:: COLLECTED DATA ::
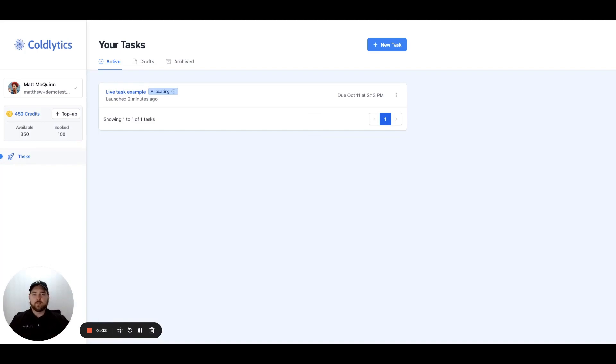Hey guys, Matt McQuinn here. Welcome to the latest version of Coldlytics, where I'm going to show you how you can build your next list.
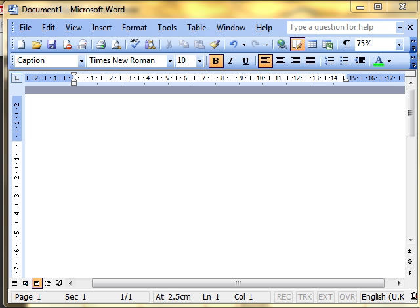In a previous video, we looked at using tabs to lay out data in a nice columnar format. I mentioned in that video that tables were a more straightforward way of doing it, and that's what we're going to look at now.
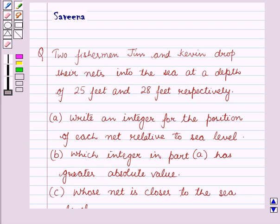Hello and welcome to the session. In this session, we will discuss a question which says that two fishermen, Jim and Kevin, drop their nets into the sea at a depth of 25 feet and 28 feet respectively.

:: INSTRUCTIONS FOR THE TASK ::
Leave out the pictures and repeat exactly the lines from the start of the material through the line that contains "In a previous", both included.

:: ANSWER TO THE EXERCISE ::
Hey guys, Matt McQuinn here. Welcome to the latest version of Coldlytics, where I'm going to show you how you can build your next list.
In a previous video, we looked at using tabs to lay out data in a nice columnar format. I mentioned in that video that tables were a more straightforward way of doing it, and that's what we're going to look at now.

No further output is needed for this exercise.